Maybe World of Tanks fans won’t be bothered by this, but Wargaming surely made World of Warplanes because it isn’t about tanks. It’s for those players as much as it is for anyone, but WoWP is here to broaden Wargaming’s horizons, not just tap into their existing, and substantial, fanbase. When a random person downloads the game, runs the short tutorials, then gets her ass kicked 15 seconds into her first battle, what’s the message? The message I got was that this game is not for me, but I had to keep going because that’s what I do. You’re going to have a difficult time extracting money out of people who get mad at the game after one fight because it feels inaccessible to the normies. That it isn’t actually inaccessible doesn’t matter.

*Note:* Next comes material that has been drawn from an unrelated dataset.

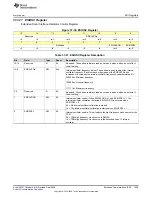 Предварительный просмотр 1009 страницы Texas Instruments MSP430FR58 Series User Manual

Speaking of money, there really isn’t a ton of monetization going on in WoWP today. Cosmetic items buyable with cash are minimal, which is rather disappointing, and so the money pull is all in upgrades and new planes, all of which can be directly or indirectly (through Wargaming’s exchange) purchased with gold, in addition to an option for paying with in-game currency.
But the core experience, the flying around and shooting things, feels just about airtight. It’s intuitive and uncomplicated, and WoWP accommodates all the input devices, from mouse and keyboard to stick to gamepad, with all appearing to my hands to be equally viable depending on each player’s personal proclivities. The planes handle arcade-style rather than hardcore sim, and so it’s not difficult to get the hang of it, and the very simple “blow stuff up and shoot other people down” gameplay keeps it simple enough. From that standpoint it’s quite accessible, assuming once again that players keep rolling with it despite the missing tutorials.
That’s a big if, however, and the small number of cosmetic customization option currently residing in WoWP also doesn’t help matters. But we’re still in 1.0, and you can bet the farm that the World of Warplanes experience will not be the same in the months ahead that it is now. Today it’s just so vanilla as to not seem like an enticing long-term prospect, though hopefully Wargaming will be doling out the meat in short intervals moving forward. Once we can go way deeper with customization and new players can be better trained, I get the feeling WoWP will be a dominating force. It’s just not there yet.
A copy of the game was provided by the publisher for the purpose of this review.